Examples for Advent
On Thanksgiving Day, a Catholic priest from Nigeria was praising God for the opportunity to be in the United States. At a Catholic church in lower Manhattan, hidden in between courthouses and the New York Police Department headquarters, the Nigerian priest told us about a seminary classmate of his who is missing and assumed dead and about a village of Christians recently wiped out by Islamic terrorists in his home country. Be grateful for America and for freedom, he insisted.
It was a needed reality check. With all this country’s challenges, we Americans are still blessed.
Drawn Beyond the Current Evils β Toward God
During one of the first days of Advent, I came across a meditation from Father Alfred Delp in the book Advent of the Heart: Seasonal Sermons and Prison Writings 1941-1944. While imprisoned by the Nazis, the Jesuit priest managed to write (and have smuggled out) some of the most peace-filled thoughts, drawing us beyond current evils, even in the midst of them.
Delp writes, “(M)an must notice and feel that the longing for sun, for happiness, is only the foreground; that it is his affliction to hunger for something more … There is no earthly event, power, or love that can bring peace to man’s heart.”
Advent is the time before Christmas to prepare spiritually for the memorial of the incarnation of God as a human in the form of Jesus Christ. In another meditation from prison, Delp emphasizes God’s promise that he comes to heal and save. Mankind’s challenge, he says, is “to take this God seriously.” He quotes Romans 15:13: “that you may overflow with hope.” He says: “A person filled with confidence in God will profit from this tie and stand up to the test.”

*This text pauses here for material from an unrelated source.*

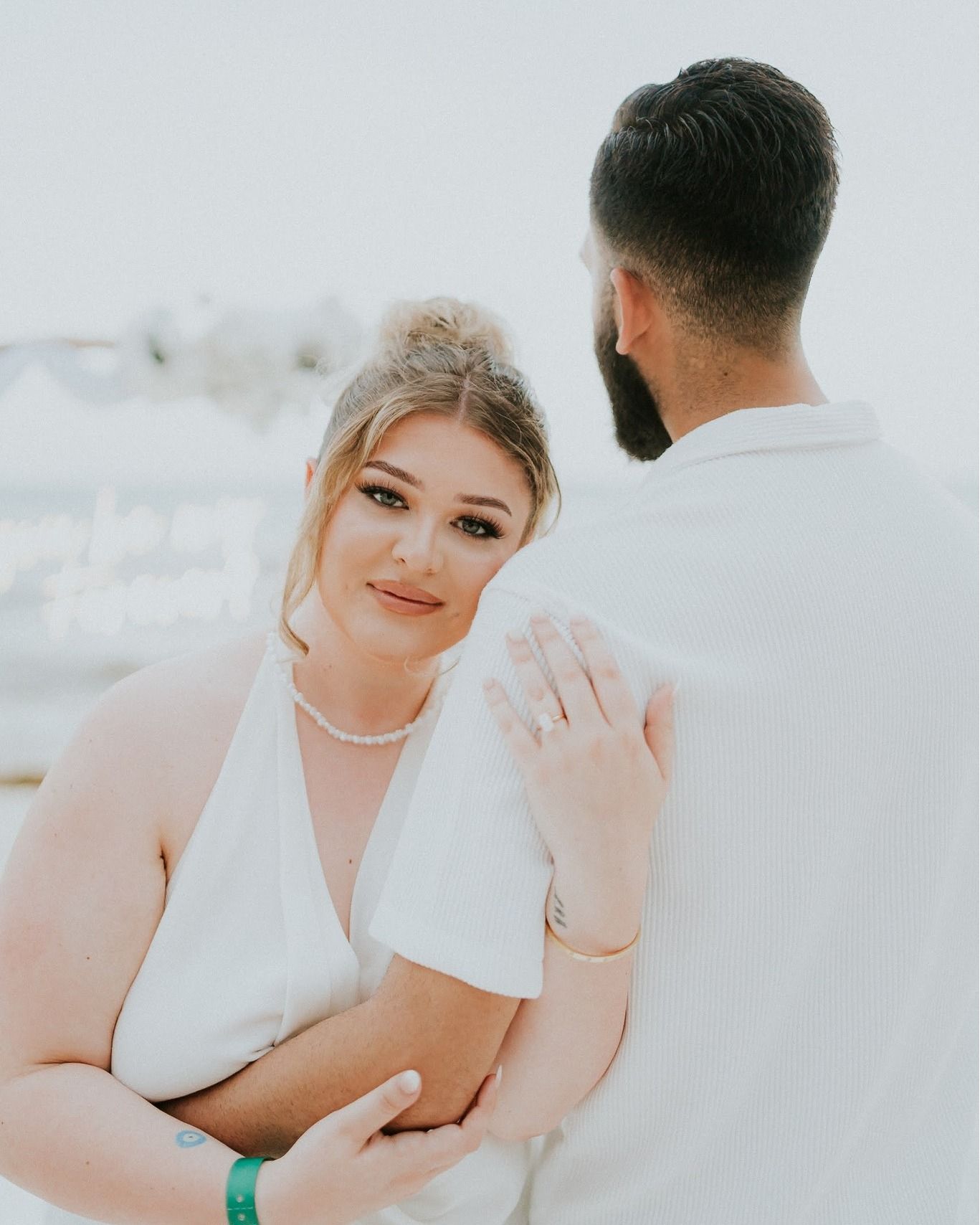 Ladies: send him the hint. We’ll handle the rest. 🤍
(He only has to ask.)

Planner: @amar_weddings_mx | Photo/Video: @marinaydanielfotografia | Venue: Tulum secret location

So much, Delp says, is about humility. “We need to fold our hands again, and bend our knees and bow our egos in adoration before God, so that His salvation can be effective in us and make us capable of being called and touched by Him.”
Called to Something Deeper
Being in actual prison gave Delp a new perspective from which to speak with fierce credibility about the tendency of the person of faith to get caught up in the self-dependency and pride that Western culture has promoted in pursuit of worldly happiness and security, forgetting that there is more to life.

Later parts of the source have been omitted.